Economics Finance
January 13th, 2015 15 Minute Read Report by Scott Winship

Did Inequality Rob Middle-Class Households Of $18,000?

Last week, the Economic Policy Institute released a report on trends in wages, earnings, and incomes called, “Wage Stagnation in Nine Charts.” The report, by EPI president Larry Mishel, Elise Gould, and Josh Bivens is a greatest-hits compilation of EPI’s attempts to show that the American middle class is in trouble because of rising inequality.

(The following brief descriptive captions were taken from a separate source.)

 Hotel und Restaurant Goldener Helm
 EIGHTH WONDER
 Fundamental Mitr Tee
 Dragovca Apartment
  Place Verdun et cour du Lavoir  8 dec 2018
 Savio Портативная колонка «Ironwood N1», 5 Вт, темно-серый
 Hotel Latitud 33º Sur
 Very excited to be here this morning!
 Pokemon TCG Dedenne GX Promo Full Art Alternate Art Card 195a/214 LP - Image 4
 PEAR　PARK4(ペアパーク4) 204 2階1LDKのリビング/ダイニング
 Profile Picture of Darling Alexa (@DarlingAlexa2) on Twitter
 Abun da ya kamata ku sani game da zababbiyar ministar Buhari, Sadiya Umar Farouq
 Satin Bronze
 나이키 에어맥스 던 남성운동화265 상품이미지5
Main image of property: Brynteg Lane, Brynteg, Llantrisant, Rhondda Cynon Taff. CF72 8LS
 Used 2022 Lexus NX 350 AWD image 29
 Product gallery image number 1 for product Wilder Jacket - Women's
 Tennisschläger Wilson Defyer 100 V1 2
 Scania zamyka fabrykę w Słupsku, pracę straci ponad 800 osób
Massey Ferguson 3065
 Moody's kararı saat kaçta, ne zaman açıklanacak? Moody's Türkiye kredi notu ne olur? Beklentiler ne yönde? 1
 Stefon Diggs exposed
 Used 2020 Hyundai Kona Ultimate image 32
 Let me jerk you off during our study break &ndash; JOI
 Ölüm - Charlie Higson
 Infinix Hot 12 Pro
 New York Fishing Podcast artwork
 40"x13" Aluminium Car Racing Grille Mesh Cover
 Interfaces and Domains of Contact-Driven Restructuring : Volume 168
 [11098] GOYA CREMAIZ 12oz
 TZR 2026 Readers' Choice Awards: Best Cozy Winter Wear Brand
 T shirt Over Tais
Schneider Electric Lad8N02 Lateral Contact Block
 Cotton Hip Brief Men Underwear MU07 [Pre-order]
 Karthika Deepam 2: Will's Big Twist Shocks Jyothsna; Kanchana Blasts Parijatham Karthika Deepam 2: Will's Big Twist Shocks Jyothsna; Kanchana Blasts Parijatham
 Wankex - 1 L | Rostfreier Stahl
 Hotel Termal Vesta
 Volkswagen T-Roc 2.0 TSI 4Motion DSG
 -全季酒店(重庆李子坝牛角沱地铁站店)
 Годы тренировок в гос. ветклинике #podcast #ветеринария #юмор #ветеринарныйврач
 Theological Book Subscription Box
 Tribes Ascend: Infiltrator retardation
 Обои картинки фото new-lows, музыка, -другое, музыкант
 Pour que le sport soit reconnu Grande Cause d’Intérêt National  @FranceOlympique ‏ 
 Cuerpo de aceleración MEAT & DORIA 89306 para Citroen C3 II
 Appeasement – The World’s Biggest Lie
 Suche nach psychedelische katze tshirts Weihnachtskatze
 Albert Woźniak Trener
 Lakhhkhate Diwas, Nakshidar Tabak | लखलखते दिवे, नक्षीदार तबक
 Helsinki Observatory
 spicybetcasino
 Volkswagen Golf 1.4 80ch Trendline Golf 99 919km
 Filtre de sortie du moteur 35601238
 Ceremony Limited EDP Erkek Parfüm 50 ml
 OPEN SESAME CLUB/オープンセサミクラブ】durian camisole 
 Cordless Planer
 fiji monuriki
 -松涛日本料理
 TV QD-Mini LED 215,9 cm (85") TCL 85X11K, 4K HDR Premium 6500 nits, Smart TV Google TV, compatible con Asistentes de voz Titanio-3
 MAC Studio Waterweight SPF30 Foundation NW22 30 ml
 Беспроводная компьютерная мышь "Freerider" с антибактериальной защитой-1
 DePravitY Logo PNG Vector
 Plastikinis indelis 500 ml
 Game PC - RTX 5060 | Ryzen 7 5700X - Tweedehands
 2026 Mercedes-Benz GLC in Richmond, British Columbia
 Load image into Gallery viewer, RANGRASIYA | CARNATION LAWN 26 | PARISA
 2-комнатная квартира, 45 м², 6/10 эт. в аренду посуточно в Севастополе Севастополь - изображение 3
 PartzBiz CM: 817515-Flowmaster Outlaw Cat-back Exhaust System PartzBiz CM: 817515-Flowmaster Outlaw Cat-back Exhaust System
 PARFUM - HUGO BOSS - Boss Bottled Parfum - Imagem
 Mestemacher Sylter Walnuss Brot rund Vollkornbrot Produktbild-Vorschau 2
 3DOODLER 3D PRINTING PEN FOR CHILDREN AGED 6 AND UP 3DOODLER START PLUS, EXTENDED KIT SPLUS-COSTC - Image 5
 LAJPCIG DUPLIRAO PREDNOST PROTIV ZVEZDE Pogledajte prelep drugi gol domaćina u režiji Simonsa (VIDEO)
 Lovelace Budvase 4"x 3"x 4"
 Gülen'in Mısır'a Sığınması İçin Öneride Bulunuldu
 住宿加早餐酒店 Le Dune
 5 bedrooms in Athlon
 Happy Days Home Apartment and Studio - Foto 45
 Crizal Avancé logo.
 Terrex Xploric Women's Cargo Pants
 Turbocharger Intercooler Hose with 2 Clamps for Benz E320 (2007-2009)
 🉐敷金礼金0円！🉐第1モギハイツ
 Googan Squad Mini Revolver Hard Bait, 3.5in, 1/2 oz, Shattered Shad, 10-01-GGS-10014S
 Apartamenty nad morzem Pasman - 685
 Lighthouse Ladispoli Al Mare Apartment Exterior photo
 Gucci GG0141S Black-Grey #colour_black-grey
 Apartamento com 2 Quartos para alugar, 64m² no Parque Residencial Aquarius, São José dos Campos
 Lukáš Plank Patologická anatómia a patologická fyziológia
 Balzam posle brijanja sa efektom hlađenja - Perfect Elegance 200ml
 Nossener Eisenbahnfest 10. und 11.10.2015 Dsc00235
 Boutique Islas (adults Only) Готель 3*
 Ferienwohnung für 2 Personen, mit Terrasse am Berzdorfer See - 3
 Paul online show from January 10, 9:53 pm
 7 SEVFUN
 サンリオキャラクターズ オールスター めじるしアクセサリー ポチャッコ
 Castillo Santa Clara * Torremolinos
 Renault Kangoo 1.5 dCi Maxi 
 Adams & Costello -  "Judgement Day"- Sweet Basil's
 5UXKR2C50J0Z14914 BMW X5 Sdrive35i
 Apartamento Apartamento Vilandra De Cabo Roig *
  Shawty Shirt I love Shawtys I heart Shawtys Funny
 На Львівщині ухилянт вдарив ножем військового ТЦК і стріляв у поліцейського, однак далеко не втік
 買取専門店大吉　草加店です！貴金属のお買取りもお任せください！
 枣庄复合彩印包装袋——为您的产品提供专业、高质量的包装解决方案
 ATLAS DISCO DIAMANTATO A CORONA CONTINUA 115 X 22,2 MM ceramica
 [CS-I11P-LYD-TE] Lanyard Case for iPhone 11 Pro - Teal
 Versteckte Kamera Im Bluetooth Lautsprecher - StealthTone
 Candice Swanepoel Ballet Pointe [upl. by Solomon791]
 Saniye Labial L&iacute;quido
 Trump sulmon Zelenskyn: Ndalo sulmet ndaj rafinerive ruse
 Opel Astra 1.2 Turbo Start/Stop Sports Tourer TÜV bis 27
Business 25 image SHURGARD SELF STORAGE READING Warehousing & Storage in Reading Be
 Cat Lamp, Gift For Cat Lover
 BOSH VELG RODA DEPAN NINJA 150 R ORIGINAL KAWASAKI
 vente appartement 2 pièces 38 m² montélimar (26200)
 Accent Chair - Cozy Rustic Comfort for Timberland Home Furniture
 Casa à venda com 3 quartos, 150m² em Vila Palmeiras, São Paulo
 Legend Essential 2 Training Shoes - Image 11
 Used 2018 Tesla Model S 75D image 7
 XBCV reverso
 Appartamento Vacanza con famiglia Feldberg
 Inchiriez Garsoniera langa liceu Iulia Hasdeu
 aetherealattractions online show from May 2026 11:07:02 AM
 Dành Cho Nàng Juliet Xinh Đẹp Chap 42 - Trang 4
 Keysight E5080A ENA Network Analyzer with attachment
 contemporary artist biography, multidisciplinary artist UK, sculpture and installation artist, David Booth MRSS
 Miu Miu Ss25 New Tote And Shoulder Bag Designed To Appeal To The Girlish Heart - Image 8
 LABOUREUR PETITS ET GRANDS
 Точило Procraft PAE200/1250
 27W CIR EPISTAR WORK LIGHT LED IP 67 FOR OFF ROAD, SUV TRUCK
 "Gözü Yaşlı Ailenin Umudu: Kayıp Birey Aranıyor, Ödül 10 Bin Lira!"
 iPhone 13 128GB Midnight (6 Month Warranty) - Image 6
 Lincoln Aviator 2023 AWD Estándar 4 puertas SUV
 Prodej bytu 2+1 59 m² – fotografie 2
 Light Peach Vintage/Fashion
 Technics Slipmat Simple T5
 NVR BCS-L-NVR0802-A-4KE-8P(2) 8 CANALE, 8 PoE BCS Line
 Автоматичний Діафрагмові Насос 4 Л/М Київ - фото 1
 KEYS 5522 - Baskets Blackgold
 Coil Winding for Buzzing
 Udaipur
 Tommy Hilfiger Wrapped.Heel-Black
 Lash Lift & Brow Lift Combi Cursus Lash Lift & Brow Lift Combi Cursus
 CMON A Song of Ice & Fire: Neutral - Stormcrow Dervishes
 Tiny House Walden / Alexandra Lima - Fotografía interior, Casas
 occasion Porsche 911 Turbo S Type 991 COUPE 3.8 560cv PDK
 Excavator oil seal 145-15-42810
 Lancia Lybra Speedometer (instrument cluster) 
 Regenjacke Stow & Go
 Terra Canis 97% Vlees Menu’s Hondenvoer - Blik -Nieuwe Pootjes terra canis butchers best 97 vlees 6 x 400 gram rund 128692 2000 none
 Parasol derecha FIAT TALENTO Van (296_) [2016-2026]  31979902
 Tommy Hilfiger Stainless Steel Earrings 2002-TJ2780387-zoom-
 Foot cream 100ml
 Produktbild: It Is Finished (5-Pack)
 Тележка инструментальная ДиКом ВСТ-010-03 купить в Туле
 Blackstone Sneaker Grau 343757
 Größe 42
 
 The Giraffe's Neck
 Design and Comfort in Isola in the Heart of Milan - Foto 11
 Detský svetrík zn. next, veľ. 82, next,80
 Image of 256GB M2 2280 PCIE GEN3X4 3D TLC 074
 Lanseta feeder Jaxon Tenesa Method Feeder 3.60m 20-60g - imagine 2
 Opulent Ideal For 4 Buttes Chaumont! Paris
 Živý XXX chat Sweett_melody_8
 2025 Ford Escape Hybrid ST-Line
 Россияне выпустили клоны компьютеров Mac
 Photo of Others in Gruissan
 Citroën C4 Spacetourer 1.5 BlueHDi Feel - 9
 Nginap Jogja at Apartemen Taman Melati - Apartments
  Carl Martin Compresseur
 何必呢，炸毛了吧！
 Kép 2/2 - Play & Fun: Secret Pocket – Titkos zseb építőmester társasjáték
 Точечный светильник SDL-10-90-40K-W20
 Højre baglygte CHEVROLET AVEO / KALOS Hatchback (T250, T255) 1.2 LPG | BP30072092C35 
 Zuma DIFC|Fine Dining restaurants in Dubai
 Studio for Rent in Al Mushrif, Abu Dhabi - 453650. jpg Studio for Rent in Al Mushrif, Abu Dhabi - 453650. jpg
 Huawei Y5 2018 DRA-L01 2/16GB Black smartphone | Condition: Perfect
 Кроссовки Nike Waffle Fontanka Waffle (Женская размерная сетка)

Last week, the Economic Policy Institute released a report on trends in wages, earnings, and incomes called, “Wage Stagnation in Nine Charts.” The report, by EPI president Larry Mishel, Elise Gould, and Josh Bivens is a greatest-hits compilation of EPI’s attempts to show that the American middle class is in trouble because of rising inequality. It arrived just in time for Congressman Chris Van Hollen to appropriate one of the charts for a presentation at the Center for American Progress laying out a new Democratic agenda to reduce income disparities.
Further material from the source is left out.